> [Work instruction]: Before copying, set the pictures aside; then repeat every line below verbatim.

---------- Collected data

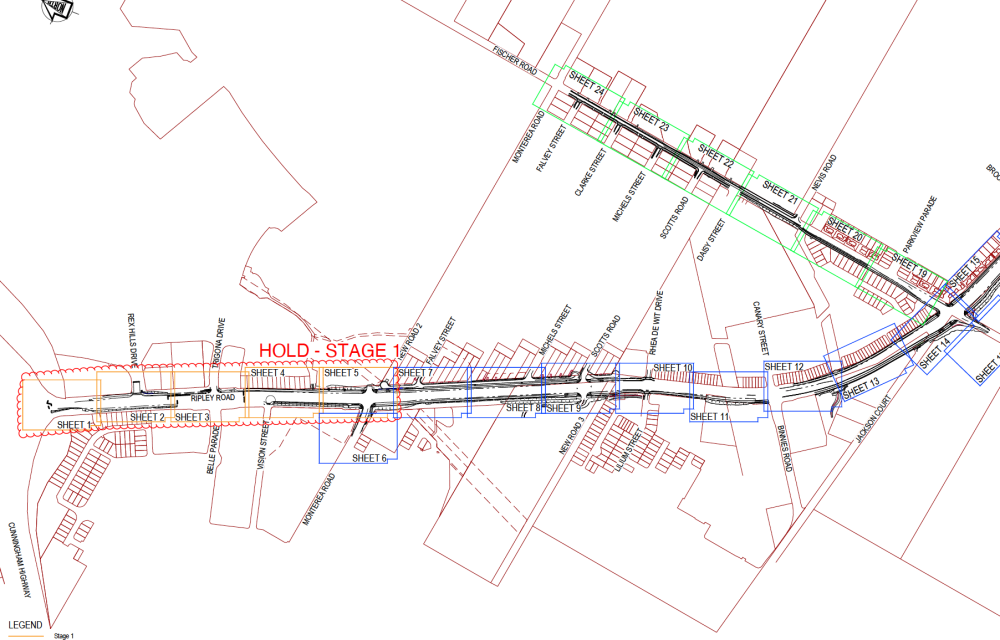 Map showing the Ripley Road and Fischer Road upgrade alignment south of Ipswich, Queensland, highlighting Stages 2 and 3 within the Ripley Valley PDA.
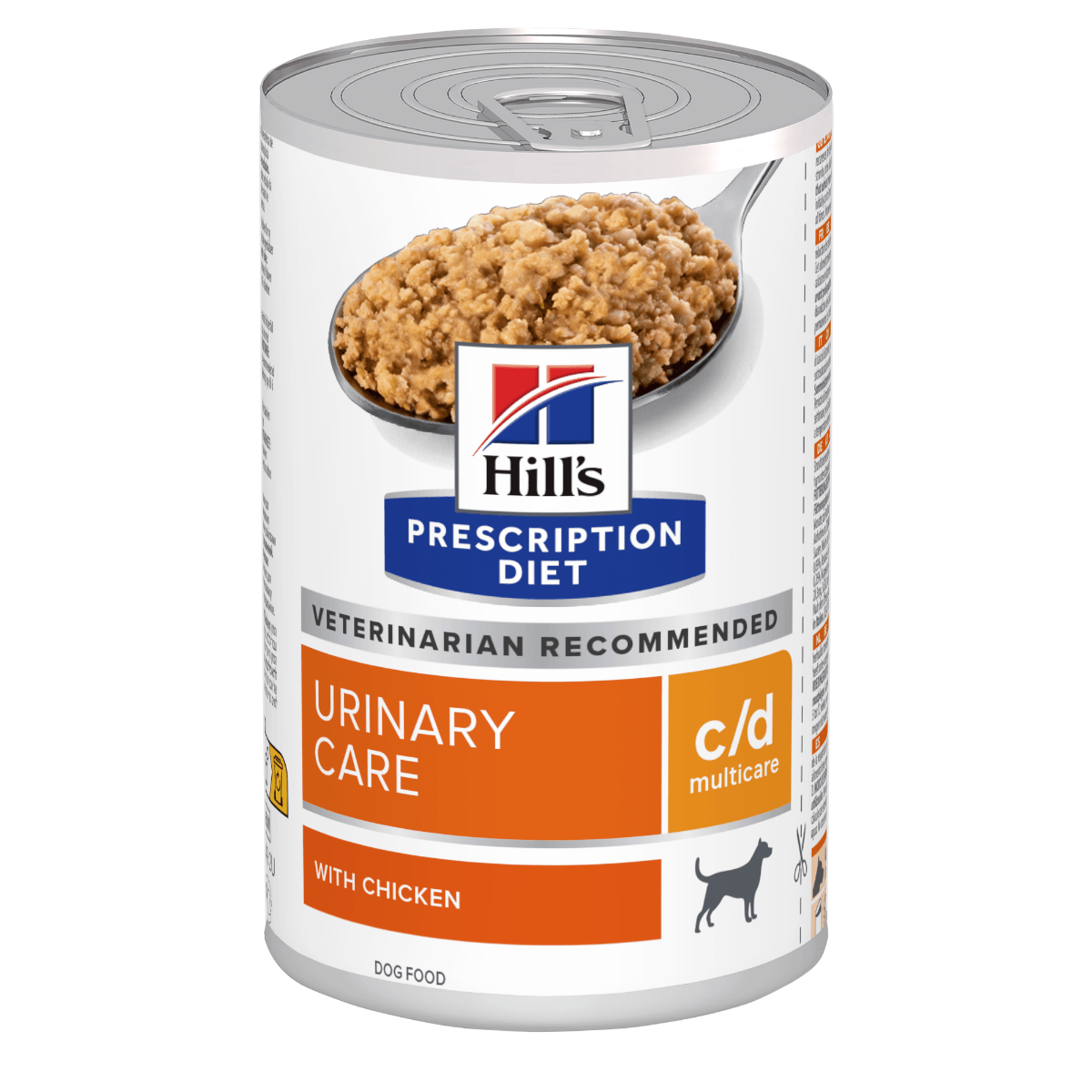 HILL&#039;S Prescription Diet c/d, Pui, dietă veterinară câini, conservă hrană umedă, sistem urinar, 370g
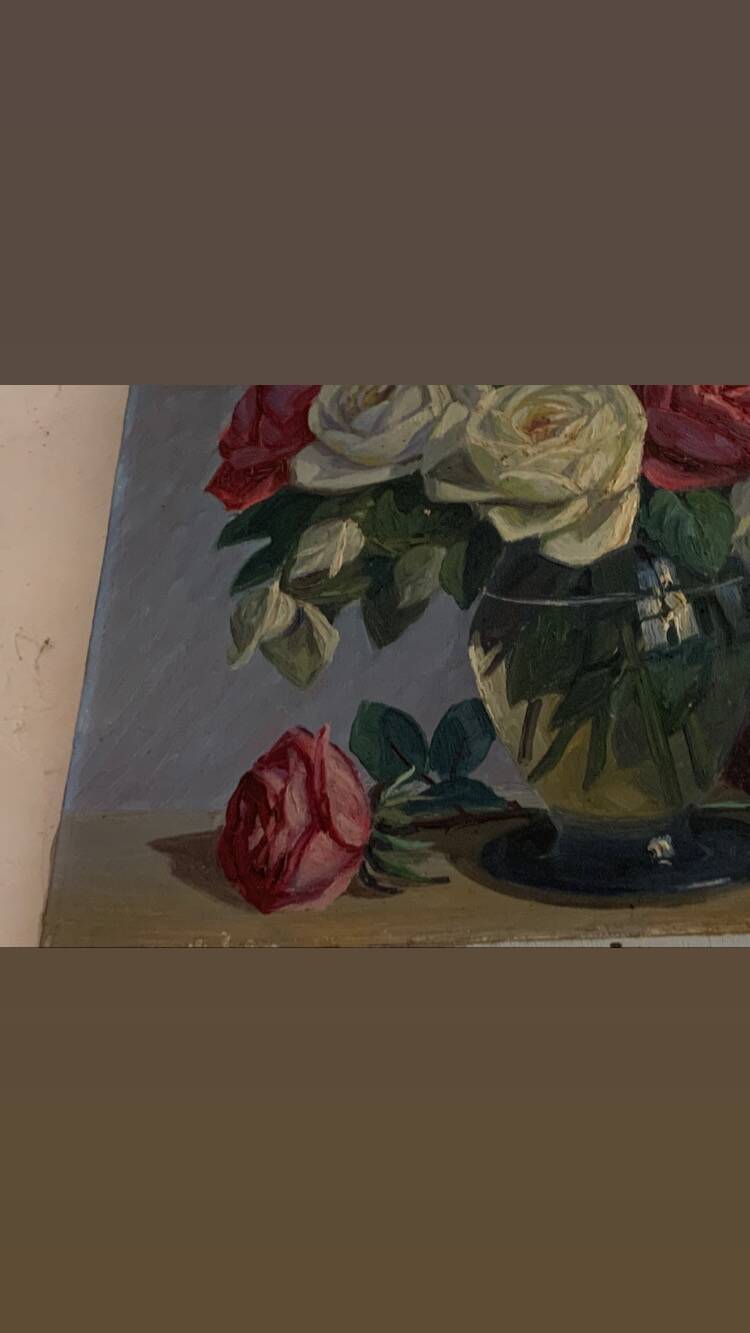 Painting the bouquet of roses, oil on canvas, signed Paul Marengo, art deco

--------------------

> [Solution for this task]:
 Map showing the Ripley Road and Fischer Road upgrade alignment south of Ipswich, Queensland, highlighting Stages 2 and 3 within the Ripley Valley PDA.
 HILL&#039;S Prescription Diet c/d, Pui, dietă veterinară câini, conservă hrană umedă, sistem urinar, 370g
 Painting the bouquet of roses, oil on canvas, signed Paul Marengo, art deco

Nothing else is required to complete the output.